Macroeconomics Has Fallen and It Can’t Get Up

It is not true that “no one saw it coming”. There were, in fact, economists who predicted the financial crisis that led to the Great Recession and

1) cited an actual economic model in support of their argument, 2) pointed to the specific set of forces that really did lead to the crisis, and 3) got the timing right

but those economists were not followers of a mainstream school of economics thought so their findings fell on deaf ears. Those are the messages of John T. Harvey’s post at Forbes.

Unfortunately, a shortcoming of Dr. Harvey’s post is that he neglects to tell us who those economists were or how their views diverged from economic orthodoxy. It took a certain amount of detective work but I managed to figure it out.
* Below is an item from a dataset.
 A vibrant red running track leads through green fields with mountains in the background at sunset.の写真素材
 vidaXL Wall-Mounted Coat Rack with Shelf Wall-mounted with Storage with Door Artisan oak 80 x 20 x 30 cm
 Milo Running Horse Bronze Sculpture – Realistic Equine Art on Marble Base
Dirk Bezemer, the author cited by Dr. Harvey in his post, had a post of his own at the portal of the Center for Economic and Policy Research (CEPR), “‘No one saw this coming’ – or did they?”. As it turns out the economists who successfully predicted the crisis were proponents of something called the “flow of funds” macroeconomic model:

The model is solved by imposing macro accounting identities and adaptive expectations rather than individual optimisation. There is a steady state but not equilibrium. One advantage is that growth paths can be identified as unsustainable given the existing “bedrock” accounting relations. This allowed Godley and Wray in 2000 to conclude that “Goldilocks was doomed” – with a government surplus and current account deficit, US economic growth had to be predicated on ongoing and unsustainably high rates of private debt growth.
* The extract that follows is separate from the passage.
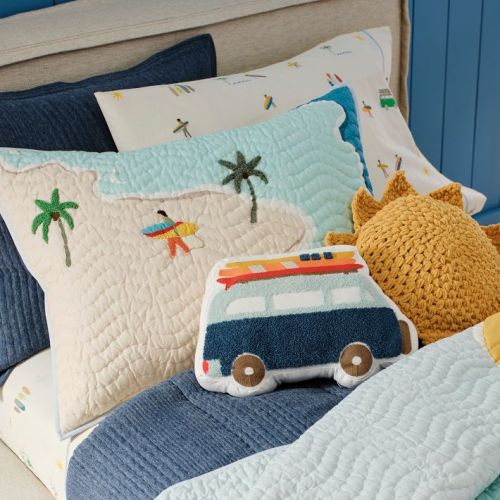 Kids Surf Shack Shaped Pillow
Here’s Dr. Bezemer’s summary of the flow of funds model:

In “Flow of Funds” models, liquidity generated in the financial sector flows to firms, households and the government as they borrow. This may facilitate fixed-capital investment and production, but it may also feed asset price inflation, consumption, and debt growth. Liquidity returns to the financial sector as financial investments or in payment of debt service and financial fees. Key features of “Flow of Funds” models are thus bank credit flows, since “evolving finance in the form of bank loans is required if production is to be financed …” (Godley, 1999:405). Also, there are explicit payment flows such as interest, “not quite the same as in the national accounts, where it is standard practice… to ignore interest payments, although they are an inevitable cost given that production takes time” (Godley, 1999:405).
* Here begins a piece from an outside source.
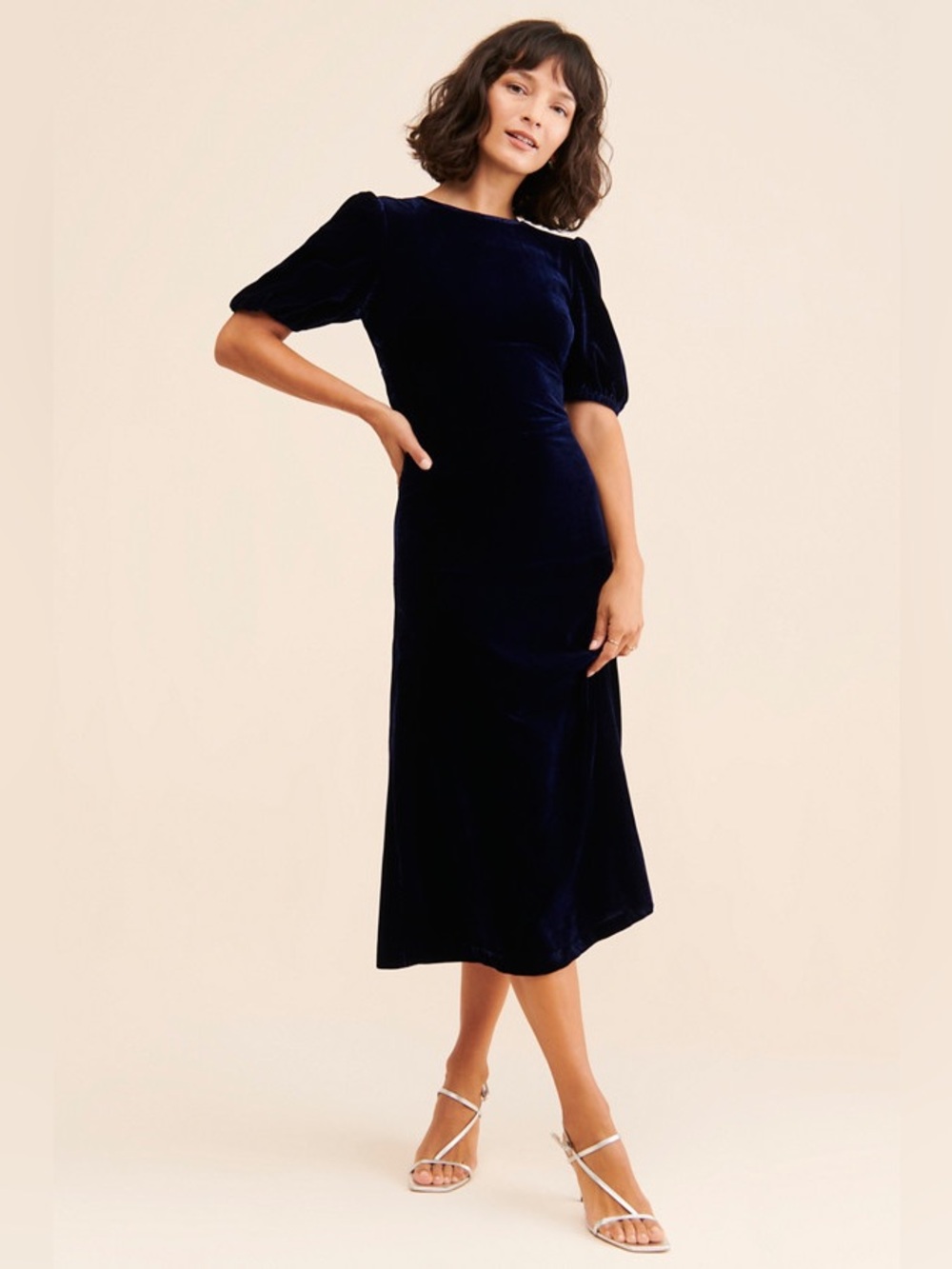 Bardot Tenacity Velour Midi Dress - Blue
If Carmelo Saleo’s assessment is correct, the flow of funds macroeconomic model may not be particularly helpful from a policy standpoint:

So maybe the bottom line is that the quantity theory of money is still a solid intellectual framework to think about monetary economics, and a good starting point to understand the general dynamics of money. But as a simple direct policy tool its best days might be already behind us (which, by the way, is no news to central bankers…).

Or, said another way, neither Neo-Classical, Keynesian, Neo-Keynesian, monetarist, nor the model that actually predicted the financial crisis provides any particular guidance.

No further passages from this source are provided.